I ran this command: $challenge = Get-ACMEChallenge -State $acmeStateDir -Authorization $authZ -Type "http-01";
$chFilename = [System.IO.Path]::Combine($documentRoot+'', $challenge.Data.RelativeUrl.Substring(1));
$chDirectory = [System.IO.Path]::GetDirectoryName($chFilename);
if(-not (Test-Path $chDirectory)) {
New-Item -Path $chDirectory -ItemType Directory;
}
Set-Content -Path $chFilename -Value $challenge.Data.Content -NoNewline;
$webConfigPath = [System.IO.Path]::Combine($chDirectory,"web.config");
if(-not (Test-Path $webConfigPath)) {
Set-Content -Path $webConfigPath -Value '<?xml version="1.0" encoding="UTF-8"?> <system.webServer> </system.webServer> ' -NoNewline;
}
$challenge | Complete-ACMEChallenge -State $acmeStateDir;
}

It produced this output: Type : http-01
Url : https://acme-v02.api.letsencrypt.org/acme/chall-v3/363409331717/oT0kbw
Token : D5SYwSGvQVkeHtHBdOVesaW0JbbgSZKStGxm3i_Ejmg
Status : invalid
Error : @{type=urn:ietf:params:acme:error:unauthorized; detail=74.225.248.154: Invalid response from http://www.webemitra.com/.well-known/acme-challenge/D5SYwSGvQVkeHtHBdOVesaW0JbbgSZKStGxm3i_Ejmg: 404; status=403}
Identifier : dns:www.webemitra.com
Data :

My web server is (include version):

The operating system my web server runs on is (include version): the windows 11 enterprise edition (iis version 10.0.2)

My hosting provider, if applicable, is:

I can login to a root shell on my machine (yes or no, or I don't know): no

I'm using a control panel to manage my site (no, or provide the name and version of the control panel):

The version of my client is (e.g. output of certbot --version or certbot-auto --version if you're using Certbot):

Welcome @Vijeshec1111

First, I see you request a new cert for webemitra.com nearly every day. Please stop doing that. You should only renew your cert periodically. The recommendation is to renew with just 30 days remaining before expiration which is every 60 days.

Your recent cert history. Your cert requests started every day starting on May3. Before that you only requested them periodically.

image1920×1015 403 KB

The "404" is an HTTP Not Found error. That usually means the documentRoot value you placed the challenge token in does not match your IIS server's document root.

Is this different for your www subdomain than it is for your root name?

And, what ACME Client are you using? And what version of it are you using?

If you developed it yourself please say so. Thanks.

Serving ACME challenges via IIS can be difficult because by default it doesn't serve extensionless text files and there can be things like authentication and content management system handlers in the way. If serving via IIS the basic test is to create a text file with no .txt extension at /well-known/acme-challenge/ then try to request that over http - if you get that working then real challenges will generally work as well.

As you are using Posh-ACME you should refer to their documentation but I would suggest that the self-host plugin would be most useful so that you can skip the challenge response via IIS, assuming it tolerates IIS running as well:

For other popular clients that work with IIS, there is also https://certifytheweb.com (a GUI + service, which I develop) and win-acme (command line).

Just curious @webprofusion how did you know it was Posh-ACME? I looked up its doc'd functions but did not see Get-ACMEChallenge so thought it was something else

@MikeMcQ I'm wrong, that's how!

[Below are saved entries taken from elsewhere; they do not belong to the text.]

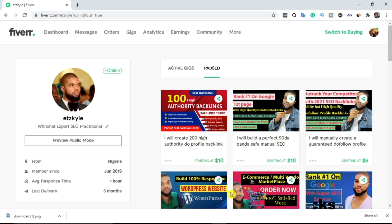Learn how to create Fiverr Gigs and sell like a pro. What's up guys, it's Mstar Tutors. Today in this video, I'm going to show you guys how to create Fiverr Gigs. If you are having difficulty creating your Fiverr Gigs, do not worry — this video is going to show you a step-by-step guide on how you can create your Fiverr Gigs successfully.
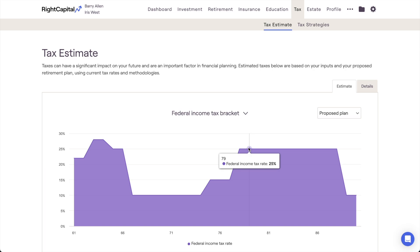The most important thing to remember when viewing this chart is that the tax brackets being used in the projections do depend on which tax law you're using within the plan.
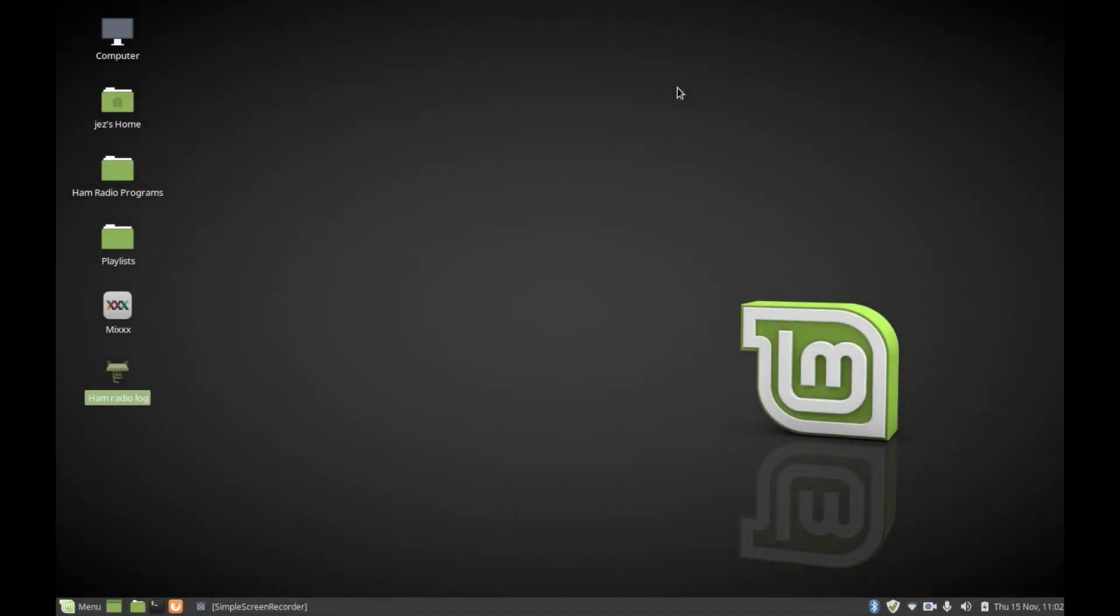Hello YouTube, welcome to another video. In this video, I'm going to show you how to change the icon on Linux. Here we have a launcher that I've created, which is a login software for my ham radio.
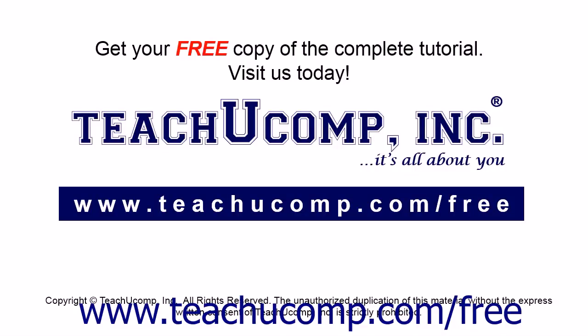Get your free copy of the complete tutorial at www.teachucomp.com/free.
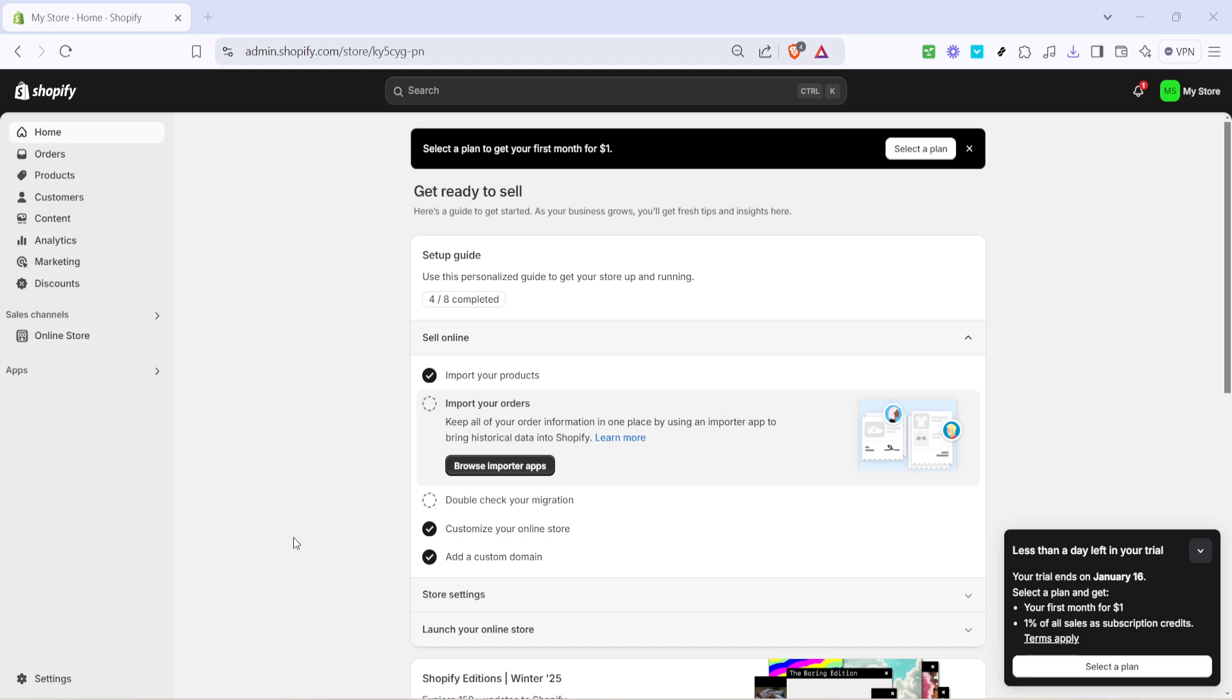To kick things off, log into your Shopify account and navigate to your store's homepage. Once you're on the dashboard, turn your attention to the products tab in the menu. This is your go-to place for managing everything related to your store's inventory.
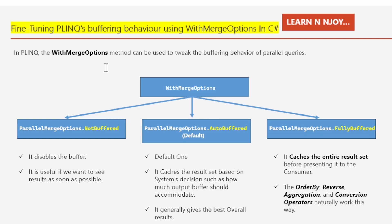If you want to tweak the buffering behavior of parallel queries based on business requirements, you can do so with WithMergeOptions. WithMergeOptions has three flavors: ParallelMergeOptions.NotBuffered, ParallelMergeOptions.AutoBuffered, and ParallelMergeOptions.FullyBuffered.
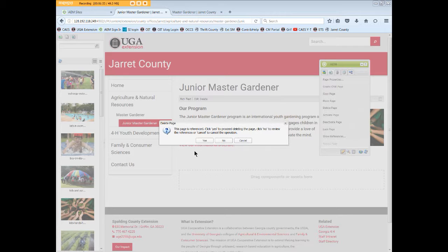We link to this page from our Master Gardener page. At this point, it's better to cancel the Delete page and go find and remove those links. Otherwise, you'll have broken links on the referring page.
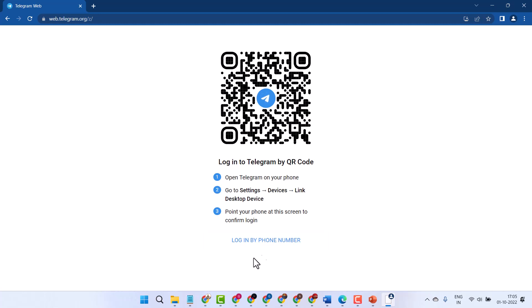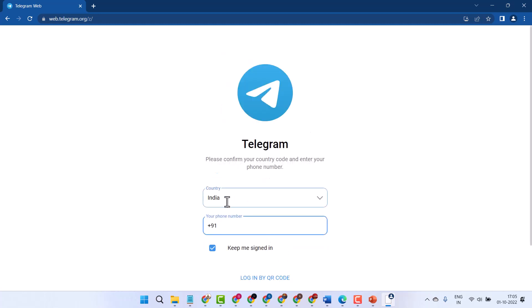You can also log in by phone number - enter your phone number and enter the OTP.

You know what they say about assumptions

Looking at this again this is in fact more likely to be ACME-PS ACME-PS/samples/FullfillChallenge.ps1 at master · PKISharp/ACME-PS · GitHub

Root name and subdomain both are same name.
Root Name - webemitra.com
webemitra.com working fine and certificate generated for the same
www.webemitra.com not working and unable to generate certificate
I'm using ACME-PS with v2 version. Thanks.

I'm using * ACME-PS (PowerShell)

Run your script up and including Set-Content -Path $chFilename -Value $challenge.Data.Content -NoNewline; then check the /.well-known/acme-challenge path of your site and see if the expected file has been created and accessible via public http (not just from your local network).

This topic was automatically closed 30 days after the last reply. New replies are no longer allowed.